Parallelamente alla notizia delle indagini promesse dal Congresso, è intanto
scoppiata un’altra bomba. Dieci dei 538 membri del Collegio elettorale, che
dovranno votare il 19 dicembre per sancire il risultato delle elezioni e mandare
Trump alla Casa Bianca, hanno inviato una lettera al direttore della national
intelligence, James Clapper, chiedendo informazioni sulle indagini in corso. I
dieci – un repubblicano e nove democratici – citano i Federalist Papers del 1787
e spiegano che uno dei ruoli dei membri del collegio elettorale è proprio quello di
prevenire “il desiderio di poteri stranieri di guadagnare un ascendente
improprio nella nostra politica”. In altre parole, i dieci dicono che prima di
votare per ufficializzare l’esito delle urne vogliono capire se davvero la Russia
abbia agito per favorire Trump. La mossa dei dieci, già definiti Hamilton
electors, è soltanto l’ultima iniziativa che alcuni membri del Collegio elettorale
stanno prendendo per evitare di votare a favore di Trump. A loro giudizio, il
ruolo che i Padri Fondatori hanno dato al Collegio elettorale è proprio quello di
vegliare e bloccare l’ascesa alla presidenza di un demagogo o di un
candidato moralmente inadatto a diventare presidente. Quale appunto, per loro,
è Donald Trump.
Di fronte a questa marea montante, il presidente eletto scalpita e si sente sempre
più accerchiato. C’è, anzitutto, un dato squisitamente politico. Le polemiche sul
presunto intervento russo riesplodono proprio nel momento in cui Trump è
pronto ad annunciare ufficialmente la nomina di Rex Tillerson, amministratore
delegato di Exxon Mobil, a segretario di Stato. Tillerson è stato ospite nella Dacia
di Vladimir Putin dopo la firma di un contratto che permette a Exxon di
esplorare riserve di petrolio nell’Artico russo. In cambio, alla compagnia di stato
russa Rosneft è stato consentito di comprare partecipazioni nei progetti su suolo
americano di Exxon. Tillerson è stato anche insignito di un’alta onoreficenza,
proprio da Putin. I legami del possibile futuro segretario di stato con Mosca sono
stati immediatamente segnalati e non hanno fatto buona impressione tra gli
stessi repubblicani. “Essere un ‘amico di Vladimir’ non è un attributo che spero
trovare in un segretario di stato”, ha twittato Marco Rubio.
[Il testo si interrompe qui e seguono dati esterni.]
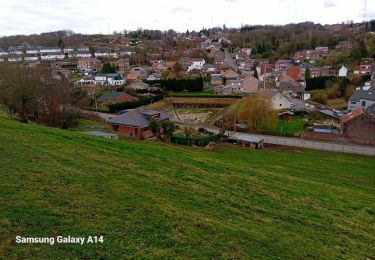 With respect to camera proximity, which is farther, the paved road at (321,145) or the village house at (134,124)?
the village house at (134,124)

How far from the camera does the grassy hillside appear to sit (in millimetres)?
7430

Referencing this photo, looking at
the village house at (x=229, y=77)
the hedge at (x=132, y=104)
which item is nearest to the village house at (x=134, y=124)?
the hedge at (x=132, y=104)

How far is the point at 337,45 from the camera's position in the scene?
104 meters

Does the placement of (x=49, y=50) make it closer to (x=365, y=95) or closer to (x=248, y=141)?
(x=365, y=95)

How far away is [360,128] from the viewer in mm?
32969

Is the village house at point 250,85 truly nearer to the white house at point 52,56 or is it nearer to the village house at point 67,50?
the white house at point 52,56

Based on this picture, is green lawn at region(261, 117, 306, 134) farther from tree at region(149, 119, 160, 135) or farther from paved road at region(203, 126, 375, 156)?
tree at region(149, 119, 160, 135)

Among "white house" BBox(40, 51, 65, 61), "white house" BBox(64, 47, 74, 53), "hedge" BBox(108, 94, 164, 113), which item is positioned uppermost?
"white house" BBox(64, 47, 74, 53)

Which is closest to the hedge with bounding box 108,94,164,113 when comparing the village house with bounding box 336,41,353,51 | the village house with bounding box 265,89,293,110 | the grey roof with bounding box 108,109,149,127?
the grey roof with bounding box 108,109,149,127

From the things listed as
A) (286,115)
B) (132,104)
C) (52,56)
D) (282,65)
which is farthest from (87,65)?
(286,115)

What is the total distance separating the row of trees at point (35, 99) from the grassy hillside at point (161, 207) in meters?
13.6

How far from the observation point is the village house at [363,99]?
4400cm

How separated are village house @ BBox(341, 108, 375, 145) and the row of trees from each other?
1025 inches

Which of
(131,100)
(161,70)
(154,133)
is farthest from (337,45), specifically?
(154,133) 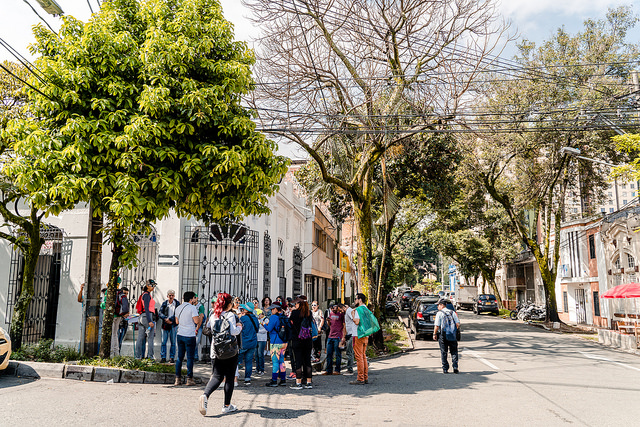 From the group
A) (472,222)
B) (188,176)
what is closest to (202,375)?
(188,176)

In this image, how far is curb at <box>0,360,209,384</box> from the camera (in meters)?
8.92

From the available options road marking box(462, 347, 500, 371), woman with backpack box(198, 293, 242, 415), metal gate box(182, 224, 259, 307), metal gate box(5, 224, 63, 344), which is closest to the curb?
woman with backpack box(198, 293, 242, 415)

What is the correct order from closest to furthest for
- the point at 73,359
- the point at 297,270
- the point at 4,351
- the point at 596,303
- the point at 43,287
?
the point at 4,351, the point at 73,359, the point at 43,287, the point at 297,270, the point at 596,303

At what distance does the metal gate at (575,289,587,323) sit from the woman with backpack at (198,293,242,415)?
30.2 m

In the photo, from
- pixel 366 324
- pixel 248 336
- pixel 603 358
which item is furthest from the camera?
pixel 603 358

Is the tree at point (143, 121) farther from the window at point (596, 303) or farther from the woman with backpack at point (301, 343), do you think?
the window at point (596, 303)

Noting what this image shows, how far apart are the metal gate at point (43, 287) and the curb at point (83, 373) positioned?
497 cm

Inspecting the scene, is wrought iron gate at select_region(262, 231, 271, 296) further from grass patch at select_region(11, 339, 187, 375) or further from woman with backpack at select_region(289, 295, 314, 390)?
woman with backpack at select_region(289, 295, 314, 390)

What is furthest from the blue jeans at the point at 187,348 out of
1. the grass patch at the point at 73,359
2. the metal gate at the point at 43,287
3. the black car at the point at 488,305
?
the black car at the point at 488,305

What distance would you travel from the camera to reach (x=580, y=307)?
3119 centimetres

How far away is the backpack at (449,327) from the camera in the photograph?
1053 cm

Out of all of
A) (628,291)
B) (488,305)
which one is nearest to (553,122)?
(628,291)

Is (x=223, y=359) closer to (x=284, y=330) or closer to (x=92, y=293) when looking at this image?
(x=284, y=330)

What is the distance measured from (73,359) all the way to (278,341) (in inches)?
169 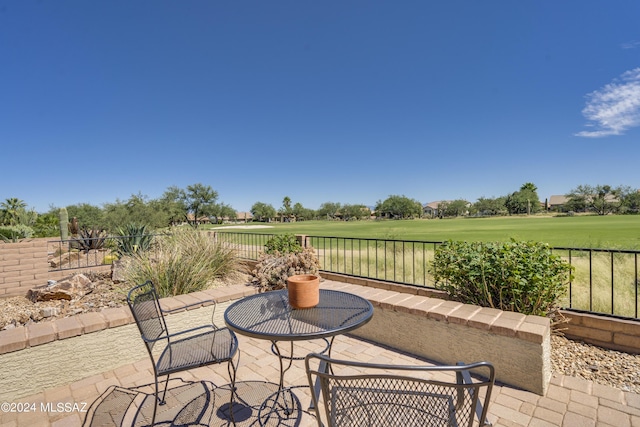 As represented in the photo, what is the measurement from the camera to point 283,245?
5605mm

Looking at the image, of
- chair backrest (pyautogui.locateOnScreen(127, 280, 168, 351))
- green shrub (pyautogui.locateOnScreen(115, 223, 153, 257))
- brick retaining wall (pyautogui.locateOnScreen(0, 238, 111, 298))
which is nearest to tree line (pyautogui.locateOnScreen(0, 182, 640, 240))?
green shrub (pyautogui.locateOnScreen(115, 223, 153, 257))

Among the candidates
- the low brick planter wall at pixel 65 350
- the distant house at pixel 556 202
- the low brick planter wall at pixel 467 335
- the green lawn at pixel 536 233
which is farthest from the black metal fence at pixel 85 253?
the distant house at pixel 556 202

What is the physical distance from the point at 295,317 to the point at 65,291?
16.0ft

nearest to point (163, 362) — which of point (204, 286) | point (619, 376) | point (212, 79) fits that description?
point (204, 286)

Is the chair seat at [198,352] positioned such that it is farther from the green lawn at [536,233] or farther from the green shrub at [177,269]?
the green lawn at [536,233]

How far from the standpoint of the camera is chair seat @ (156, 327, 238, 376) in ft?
5.90

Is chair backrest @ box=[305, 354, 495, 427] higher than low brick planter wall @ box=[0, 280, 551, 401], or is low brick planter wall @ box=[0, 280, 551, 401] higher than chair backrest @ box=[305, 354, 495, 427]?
chair backrest @ box=[305, 354, 495, 427]

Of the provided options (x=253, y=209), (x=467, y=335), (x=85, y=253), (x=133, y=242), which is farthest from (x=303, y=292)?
(x=253, y=209)

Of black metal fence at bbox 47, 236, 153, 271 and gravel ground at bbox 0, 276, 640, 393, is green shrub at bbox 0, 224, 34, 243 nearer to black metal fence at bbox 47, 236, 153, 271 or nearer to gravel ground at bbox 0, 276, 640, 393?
black metal fence at bbox 47, 236, 153, 271

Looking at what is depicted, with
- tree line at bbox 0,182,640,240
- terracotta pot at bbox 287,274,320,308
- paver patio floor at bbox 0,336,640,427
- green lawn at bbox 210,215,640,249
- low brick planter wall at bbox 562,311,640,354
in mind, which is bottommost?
green lawn at bbox 210,215,640,249

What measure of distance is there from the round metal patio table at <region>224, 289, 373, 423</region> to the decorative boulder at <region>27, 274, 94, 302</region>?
13.8 feet

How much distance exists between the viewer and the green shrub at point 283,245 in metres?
5.45

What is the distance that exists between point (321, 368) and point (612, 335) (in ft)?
11.2

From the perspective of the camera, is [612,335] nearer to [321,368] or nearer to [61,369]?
[321,368] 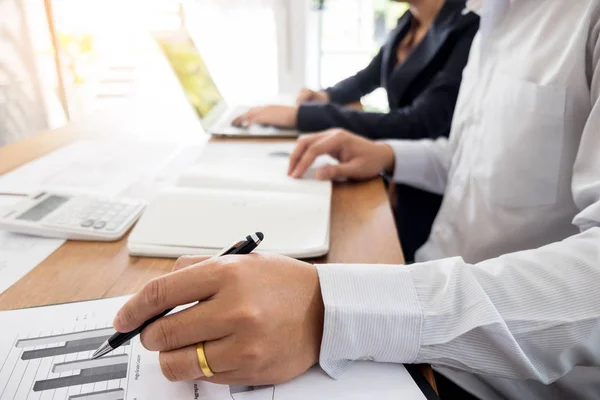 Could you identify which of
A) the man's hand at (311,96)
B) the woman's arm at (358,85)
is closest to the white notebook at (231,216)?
the man's hand at (311,96)

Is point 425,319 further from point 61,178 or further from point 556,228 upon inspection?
point 61,178

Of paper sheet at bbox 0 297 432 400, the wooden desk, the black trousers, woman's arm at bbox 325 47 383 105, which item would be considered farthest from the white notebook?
woman's arm at bbox 325 47 383 105

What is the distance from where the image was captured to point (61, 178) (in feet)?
2.26

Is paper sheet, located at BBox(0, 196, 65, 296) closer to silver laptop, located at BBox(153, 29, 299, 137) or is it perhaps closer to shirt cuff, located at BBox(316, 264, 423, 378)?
shirt cuff, located at BBox(316, 264, 423, 378)

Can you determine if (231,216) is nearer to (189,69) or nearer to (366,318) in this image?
(366,318)

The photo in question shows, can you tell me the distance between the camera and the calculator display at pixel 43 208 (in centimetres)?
53

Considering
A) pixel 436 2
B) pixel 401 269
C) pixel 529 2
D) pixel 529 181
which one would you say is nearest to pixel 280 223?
pixel 401 269

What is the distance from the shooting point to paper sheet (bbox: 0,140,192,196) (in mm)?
659

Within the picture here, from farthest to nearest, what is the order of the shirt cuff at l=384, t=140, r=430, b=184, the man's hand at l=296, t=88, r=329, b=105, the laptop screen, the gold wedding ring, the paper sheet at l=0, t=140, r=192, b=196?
the man's hand at l=296, t=88, r=329, b=105
the laptop screen
the shirt cuff at l=384, t=140, r=430, b=184
the paper sheet at l=0, t=140, r=192, b=196
the gold wedding ring

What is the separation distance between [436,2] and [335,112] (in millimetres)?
494

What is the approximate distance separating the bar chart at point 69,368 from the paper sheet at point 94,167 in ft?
0.95

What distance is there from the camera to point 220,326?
303 mm

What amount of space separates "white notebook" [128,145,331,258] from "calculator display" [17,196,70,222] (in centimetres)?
13

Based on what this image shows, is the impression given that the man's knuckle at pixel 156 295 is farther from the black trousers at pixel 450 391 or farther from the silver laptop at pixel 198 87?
the silver laptop at pixel 198 87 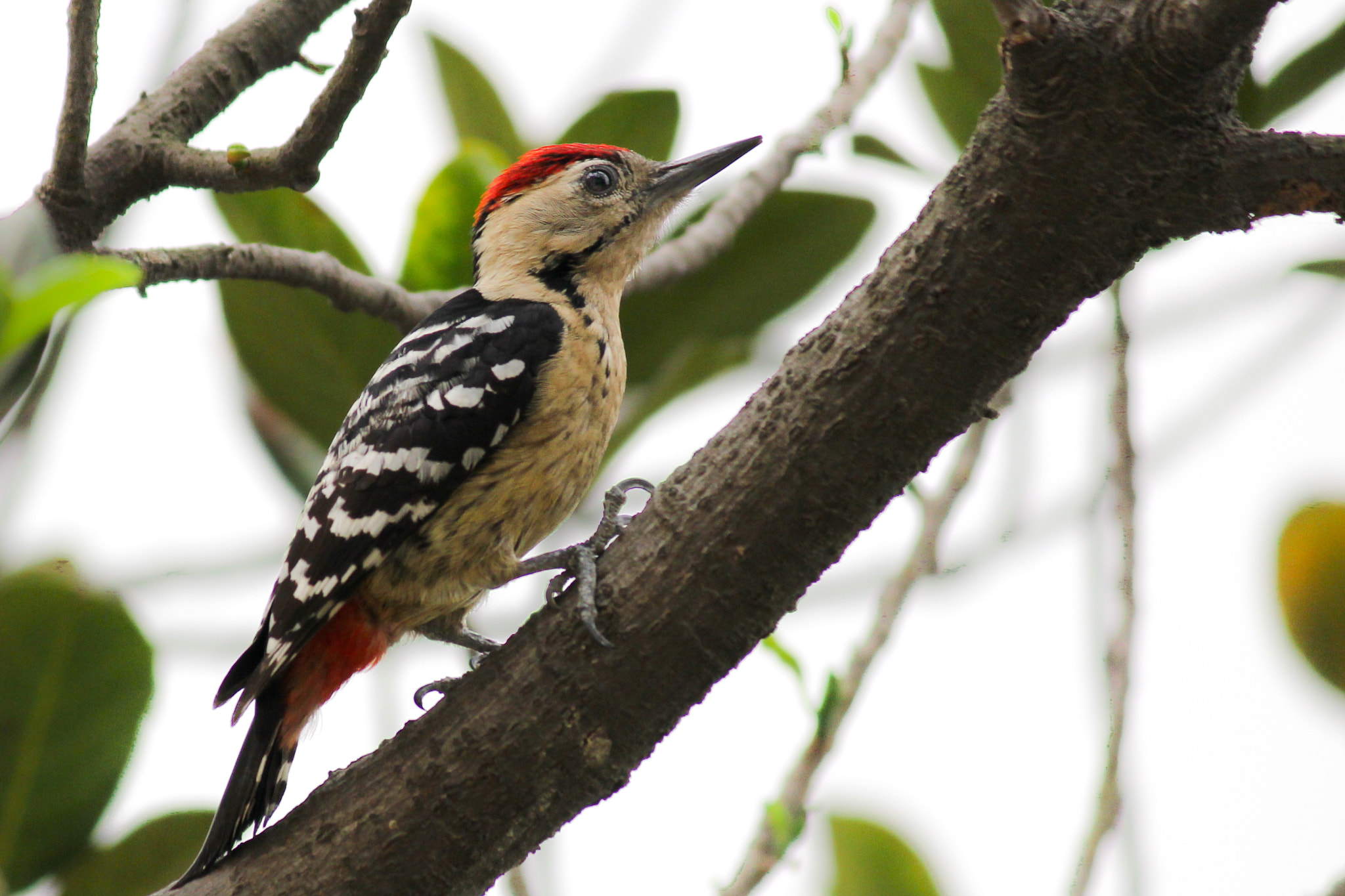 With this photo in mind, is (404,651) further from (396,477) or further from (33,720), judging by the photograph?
(33,720)

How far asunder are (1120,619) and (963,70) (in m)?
1.47

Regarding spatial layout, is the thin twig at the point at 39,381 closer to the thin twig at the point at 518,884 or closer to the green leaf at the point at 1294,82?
the thin twig at the point at 518,884

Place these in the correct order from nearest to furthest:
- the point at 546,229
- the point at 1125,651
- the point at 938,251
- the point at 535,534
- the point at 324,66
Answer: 1. the point at 938,251
2. the point at 1125,651
3. the point at 324,66
4. the point at 535,534
5. the point at 546,229

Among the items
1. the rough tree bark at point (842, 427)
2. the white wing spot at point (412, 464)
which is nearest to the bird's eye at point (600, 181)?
the white wing spot at point (412, 464)

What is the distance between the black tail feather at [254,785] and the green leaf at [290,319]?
921 mm

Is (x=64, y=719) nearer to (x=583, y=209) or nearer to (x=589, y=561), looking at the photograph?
(x=589, y=561)

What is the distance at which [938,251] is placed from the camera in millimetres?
1785

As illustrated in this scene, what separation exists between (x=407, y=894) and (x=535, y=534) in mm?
991

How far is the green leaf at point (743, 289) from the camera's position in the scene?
10.7 ft

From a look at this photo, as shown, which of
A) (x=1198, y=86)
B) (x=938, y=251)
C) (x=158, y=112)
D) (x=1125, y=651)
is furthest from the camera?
(x=158, y=112)

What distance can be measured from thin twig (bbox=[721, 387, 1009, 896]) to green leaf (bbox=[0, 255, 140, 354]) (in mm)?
1606

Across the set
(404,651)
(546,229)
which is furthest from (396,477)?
(546,229)

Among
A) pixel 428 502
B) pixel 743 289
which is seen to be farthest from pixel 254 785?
pixel 743 289

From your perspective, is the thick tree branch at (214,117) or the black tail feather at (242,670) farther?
the black tail feather at (242,670) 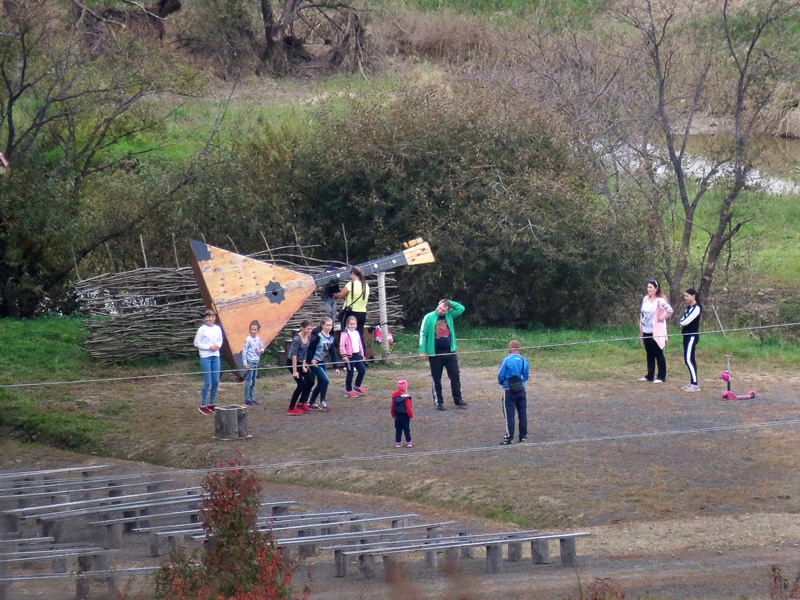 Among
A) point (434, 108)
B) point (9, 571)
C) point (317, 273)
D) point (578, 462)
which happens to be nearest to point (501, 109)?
point (434, 108)

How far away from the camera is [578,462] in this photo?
1192 cm

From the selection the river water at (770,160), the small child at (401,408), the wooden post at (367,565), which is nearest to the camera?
the wooden post at (367,565)

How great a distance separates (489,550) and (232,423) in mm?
5846

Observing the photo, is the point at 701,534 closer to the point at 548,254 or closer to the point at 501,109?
the point at 548,254

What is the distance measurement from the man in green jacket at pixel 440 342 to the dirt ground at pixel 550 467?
1.88ft

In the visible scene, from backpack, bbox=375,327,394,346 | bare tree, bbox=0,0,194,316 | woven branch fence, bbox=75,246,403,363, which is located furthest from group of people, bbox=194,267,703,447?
bare tree, bbox=0,0,194,316

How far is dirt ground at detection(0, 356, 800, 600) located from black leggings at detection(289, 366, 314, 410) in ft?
1.10

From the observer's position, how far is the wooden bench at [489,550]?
7777mm

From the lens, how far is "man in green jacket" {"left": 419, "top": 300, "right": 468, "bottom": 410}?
45.9 feet

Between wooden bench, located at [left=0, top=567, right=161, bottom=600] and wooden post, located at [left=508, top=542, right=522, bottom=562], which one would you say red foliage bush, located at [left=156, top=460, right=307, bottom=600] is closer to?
wooden bench, located at [left=0, top=567, right=161, bottom=600]

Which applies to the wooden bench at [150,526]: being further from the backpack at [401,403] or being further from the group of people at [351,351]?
the group of people at [351,351]

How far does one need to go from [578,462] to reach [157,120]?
57.0 ft

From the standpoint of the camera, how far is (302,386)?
14.3 metres

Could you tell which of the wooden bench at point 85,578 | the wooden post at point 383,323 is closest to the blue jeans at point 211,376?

Oltre le contingenze della politica e della scelta dei nomi della futura
amministrazione, non sfugge a Trump che quello in corso potrebbe trasformarsi
in qualcosa di più ampio e pericoloso: e cioè una decisa delegittimazione della
sua nomina a presidente. Proprio per parare la minaccia, nelle ultime ore Trump
stesso e il suo staff hanno rilasciato dichiarazioni a raffica. Prima è arrivata la
messa in discussione delle conclusioni del rapporto della Cia. “Questa è la stessa
gente che diceva che Saddam Hussein aveva le armi di distruzione di massa”, ha
scritto in una nota ufficiale il transition team di Trump. Lo stesso presidente
eletto, durante un’intervista a Fox News, ha definito “ridicole” le conclusioni
della Cia, mentre la sua advisor, Kellyanne Conway, afferma che la storia della
Russia è soltanto “l’ultimo capro espiatorio” dei democratici per giustificare la
sconfitta di Hillary Clinton.
La veemenza delle reazioni di Trump e dei suoi è anche un segno della gravità
della minaccia. Una rivolta, anche parziale, dei membri del Collegio elettorale
potrebbe costituire un grave imbarazzo. Di più: l’inchiesta del Congresso
sull’hackeraggio russo promette di proseguire per mesi e di catalizzare l’interesse
di media e opinione pubblica. Il risultato potrebbe essere soprattutto uno. Un
candidato che ha già spaccato l’America si avvia alla Casa Bianca privo della
legittimità politica e morale necessaria per ricoprire il ruolo di presidente.